Rhodesia, known initially as Zambesia,[1] is a historical region in southern Africa whose formal boundaries evolved between the 1890s and 1980. Demarcated and named by the British South Africa Company (BSAC), which governed it until the 1920s, it thereafter saw administration by various authorities. It was bisected by a natural border, the Zambezi. The territory to the north of the Zambezi was officially designated Northern Rhodesia by the company, and has been Zambia since 1964; that to the south, which the company dubbed Southern Rhodesia, became Zimbabwe in 1980. Northern and Southern Rhodesia were sometimes informally called "the Rhodesias".

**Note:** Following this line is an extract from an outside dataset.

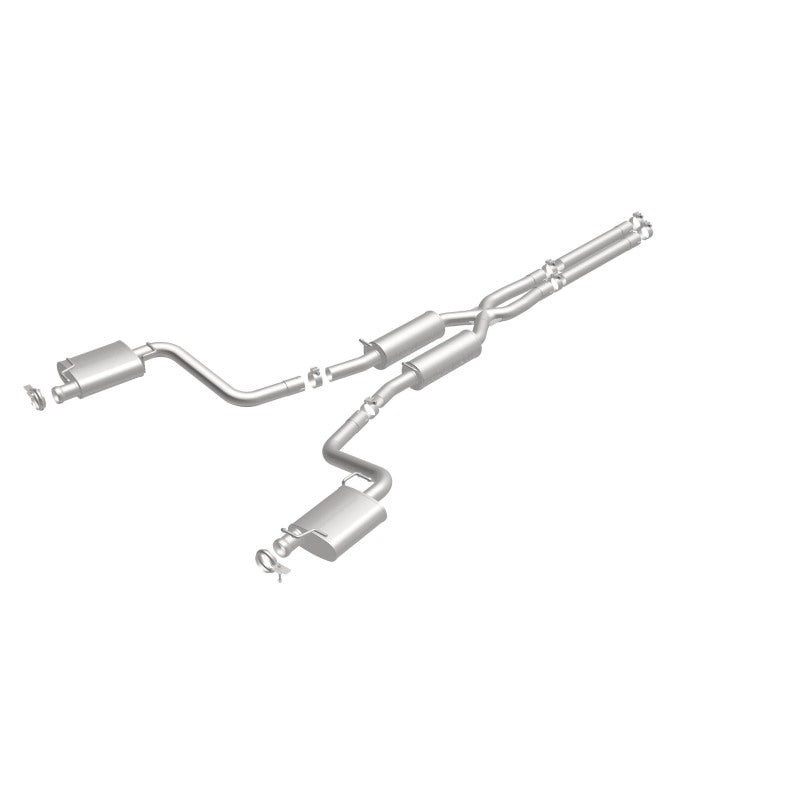 MagnaFlow SYS C/B 09 Challenger R/T OEM tip (view 39)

The term "Rhodesia" was first used to refer to the region by European settlers in the 1890s who informally named their new home after Cecil Rhodes, the company's founder and managing director. It was used in newspapers from 1891 and was made official by the company in 1895.
To confuse matters, Southern Rhodesia, which became a self-governing colony of the United Kingdom in 1923, referred to itself simply as "Rhodesia" from 1964 to 1979, and in 1965 unilaterally declared independence under that name. It thereafter briefly renamed itself "Zimbabwe Rhodesia" in 1979.
The usage of the term Rhodesia to refer to the historical region fell from prominence after Northern Rhodesia became Zambia in 1964. From then until 1980, "Rhodesia" commonly referred to Southern Rhodesia alone. Since 1980 the term has not been in general use, aside from in a historical context.
When Europeans settled what became "Southern Rhodesia" in 1890, and when the British South Africa Company was chartered to administer "North-Western Rhodesia" and "North-Eastern Rhodesia", it was not under those names, but the names of the parts—"Mashonaland", "Matabeleland", "Barotseland", and so on. The territories were initially collectively referred to as "Zambesia" (Cecil Rhodes's preferred name), "Charterland" (Leander Starr Jameson's proposal) or "the BSAC territories".
"Rhodesia" was used informally by the settlers from the start of "White" settlement, and was common enough usage for newspapers to start using it in articles in 1891. In 1892 it was used for the name of the first newspaper in Salisbury, The Rhodesia Herald. The BSAC officially adopted the name "Rhodesia" in May 1895, and the British government followed in 1898. "It is not clear why the name should have been pronounced with the emphasis on the second rather than the first syllable," Robert Blake comments, "but this appears to have been the custom from the beginning and it never changed."[2]
The first official use of "Rhodesia" was actually for a boma on Lake Mweru, established in 1892 near the mouth of the Kalungwishi River under the authority of Alfred Sharpe, the British Commissioner of the British Central Africa protectorate in Nyasaland. After "Rhodesia" became the official name of the territories in 1895, the boma's name was changed to "Kalungwishi". It was closed some years later.[3]
Although "Northern Rhodesia" was not an official name until 1911 when Barotziland-North-Western Rhodesia and North-Eastern Rhodesia were combined, the name was used informally from 1895 onwards when referring to those two territories collectively.
Public holidays observed in Rhodesia were largely based around milestones in the region's short history. Annual holidays marked various aspects of the arrival of white people to the region during the 1880s and 1890s, as well as the respective unilateral declarations of independence (1965) and of republican government (1970). On these days, most businesses and non-essential services closed. A number of Christian holidays were also observed according to custom, in the traditional British manner, and referred to in official documents by name—Christmas Day, for example, or Easter Monday.[4]